On the way back, we spent a long dusty afternoon heading south and east back to Antigua.  We took the main road, the highway of Guatemala, its dusty margins covered by a perpetual fog of exhaust fumes and sellers of tropical fruits. The mameys, huge as a monkey’s head, hiding a clear yellow freshness inside. The zapotes with their dented, rotted appearance from the outside and the orange fruit like sweet squash.  The pitahayas like large plums, with a shocking neon purple flesh surrounding small black seeds. The pineapples each with their identical color shift from green to yellow, advertising their exquisite sweetness.

The Interamerican Highway it is called, the main conduit of traffic of all types from El Salvador and parts south on up to Mexico and the United States. The shortest route to Mexico where it stretches a finger south along the Pacific coast into Guatemala, its porous border welcoming travelers. Travel on the road is slowed by road works. Here the mudslide of last year came pouring over the bridge, the bridge still under repair and cars crawling around it through the underbrush. There a fuel truck has turned over on its side, its driver come back to alert the travelers to slow to a single lane. The shocking sight of it lying on its side like a dead animal, its fuel tank miraculously intact. Once we were jolted by a car coming towards us at full tilt, a construction detour unannounced to travelers coming from our direction.
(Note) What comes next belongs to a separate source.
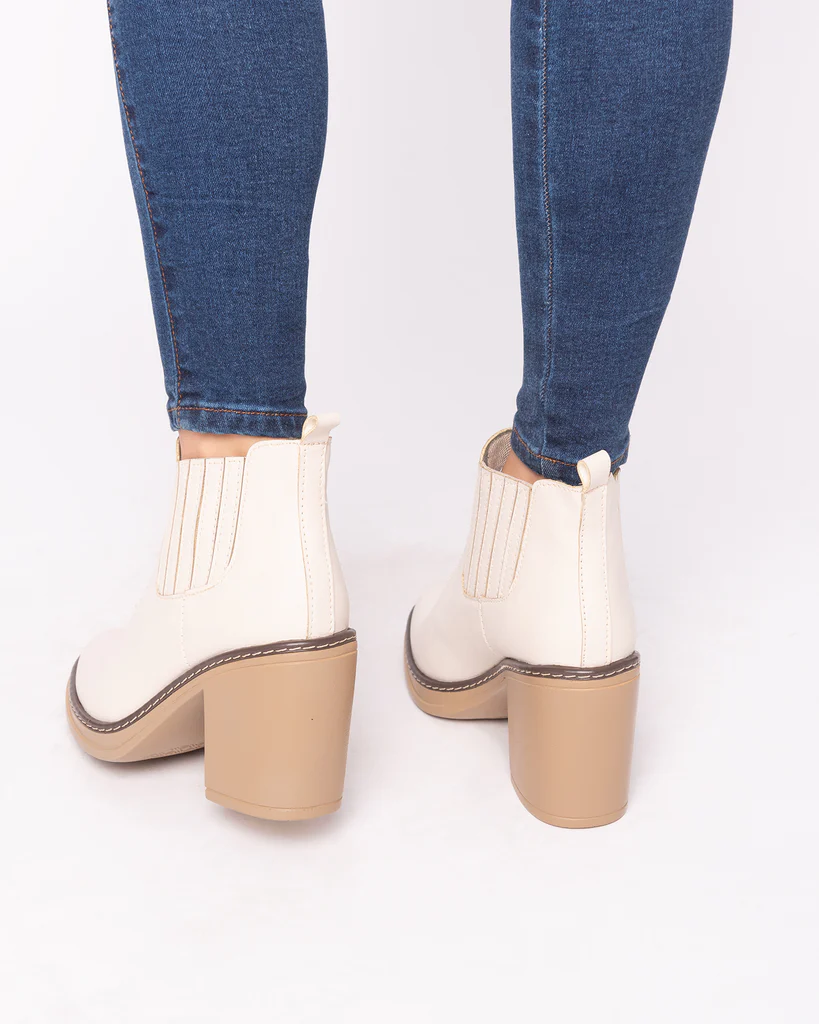BOTAS MUJER NÉBULA NUDE TEXANA - 6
Pickup trucks coming south with California license plates carrying loads of new items: car bumpers, washing machines, new bedframes. White panel trucks driving north with no company name, shut tight. One can imagine so many refugees packed tight inside, sweltering in the heat and praying for a safe journey.

Little tendrils of economic anxiety reached into my life in Guatemala, when someone took the numbers of my debit card and my attached security code from the automatic teller machine I used one day. The numbers made their way down this highway to Bogota, Columbia, just south of Panama. There, some desperate person turned those magic numbers into cash. A small tax on the rich for use by those in need. I did not even have to bear the cost due to the safety net of the United States banking system which reimbursed my loss. When the same thing happened to my Guatemalan friend, $800 an absolute fortune to him, his bank ignored and perhaps smiled on the theft. My dutiful report to the bank was met with a wall of stony silence.  Many in Guatemala are trying to create a state of economic and physical security, but poverty and related violence are hard to root out.